NPO publishes blog articles to inform and to stimulate conversation about issues of importance to NPO's mission.  All blog articles express the opinions of the authors as individuals and do not necessarily reflect the views of National Parents Organization, its Board of Directors, or its executives.  

October 7, 2019 by Don Hubin, Ph.D., Chair, National Board of Directors

What does Saturday Night Live have against dads? It’s hard to say but, apparently, the show’s writers and producers have father issues.

First, there was the “Christmas Dad” sketch last December. This drew fire not only from NPO (here, and here) but also from the Canadian writer Barbara Kay (here), who described the sketch as “an act of vile misandry.”

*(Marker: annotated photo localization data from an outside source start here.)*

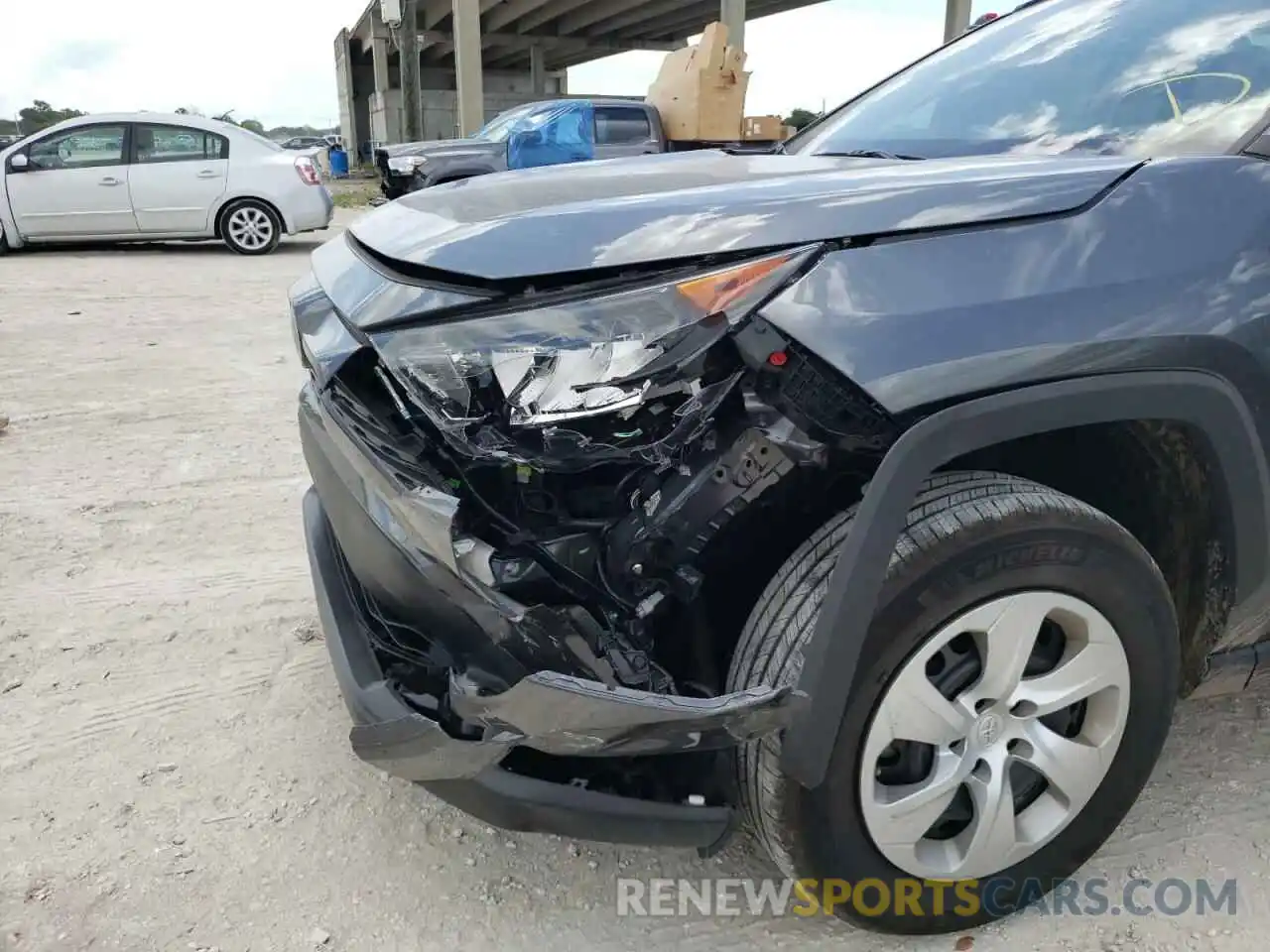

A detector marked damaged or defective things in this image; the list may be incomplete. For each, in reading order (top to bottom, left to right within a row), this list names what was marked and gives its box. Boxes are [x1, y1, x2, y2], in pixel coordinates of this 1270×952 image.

crushed headlight [387, 156, 427, 174]
crumpled hood [379, 136, 494, 158]
crumpled hood [347, 149, 1143, 282]
crushed headlight [373, 249, 818, 434]
damaged black suv [296, 0, 1270, 936]
front bumper damage [300, 383, 798, 853]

Now SNL is at it again, but their denigration isn’t aimed only at divorced dads. It’s aimed at all dads.

The sketch titled, simply, ‘“Dad” (9/28/2019), portrays a 1980s dad, portrayed by Woody Harrelson, who is so focused on work he conducts on his brick-sized cell phone that he completely ignores his son’s obvious distress. This leads the son to rap about this paternal neglect, expressing the rejection that tears at his heart.

Sounds funny so far, right?

The son (Kyle Moonie) is joined in the rap by a friend, Colby (Chris Redd), and some awkward dancing, presumably intended to be humorous, ensues.

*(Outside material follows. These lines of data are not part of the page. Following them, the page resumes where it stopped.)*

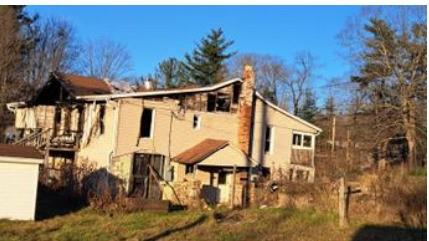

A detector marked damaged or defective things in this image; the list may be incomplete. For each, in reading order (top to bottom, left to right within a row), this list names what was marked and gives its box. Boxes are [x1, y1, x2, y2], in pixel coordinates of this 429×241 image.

burned roof [54, 72, 113, 96]
damaged house [6, 66, 320, 207]
burned roof [0, 143, 43, 160]
burned roof [172, 138, 229, 165]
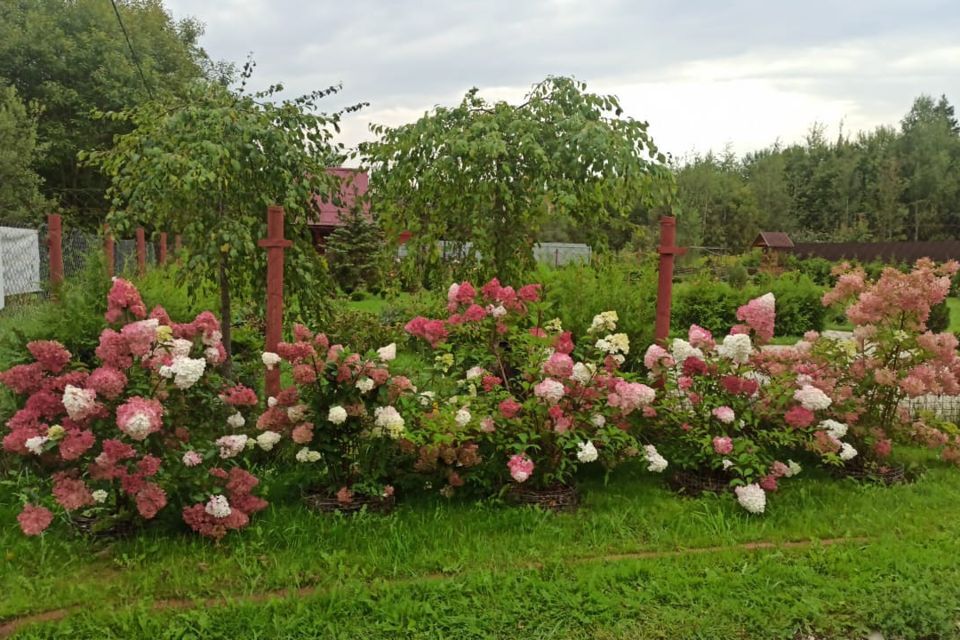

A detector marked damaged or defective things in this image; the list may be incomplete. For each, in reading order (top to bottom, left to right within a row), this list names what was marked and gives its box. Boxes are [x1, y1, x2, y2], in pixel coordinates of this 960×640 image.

Then, there’s a moment when Dad appears to have an epiphany: he realizes he’s been so consumed with work that he’s been ignoring his son. The dad joins in the rap and asks “What have I become?”

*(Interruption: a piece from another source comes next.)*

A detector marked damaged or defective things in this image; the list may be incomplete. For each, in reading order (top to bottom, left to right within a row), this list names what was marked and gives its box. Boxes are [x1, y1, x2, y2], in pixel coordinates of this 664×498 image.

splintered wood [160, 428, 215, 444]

You might expect this moment of self-awareness to lead to a healing of the rift between the son and the dad. And, for a precious few seconds, the writers allow you to entertain this happy prospect.

But such hopes are quickly dashed when Dad gets another phone call, takes it, and starts to leave for a business meeting.

The son, perhaps sharing the hope of connecting with his dad, asks to go along. But Dad shakes his head and says “no” before inviting Colby to come along instead, and the two, laughing together, leave the son behind.

At this point the son turns toward the camera and says, simply, “Dads!” He doesn’t say, “my dad!” His complaint is against dads, in general.

I don’t know what motivates SNL to want to denigrate dads like this. This is most definitely not my experience with dads. It is extremely offensive. There is no excuse for denigrating parents--mothers or fathers.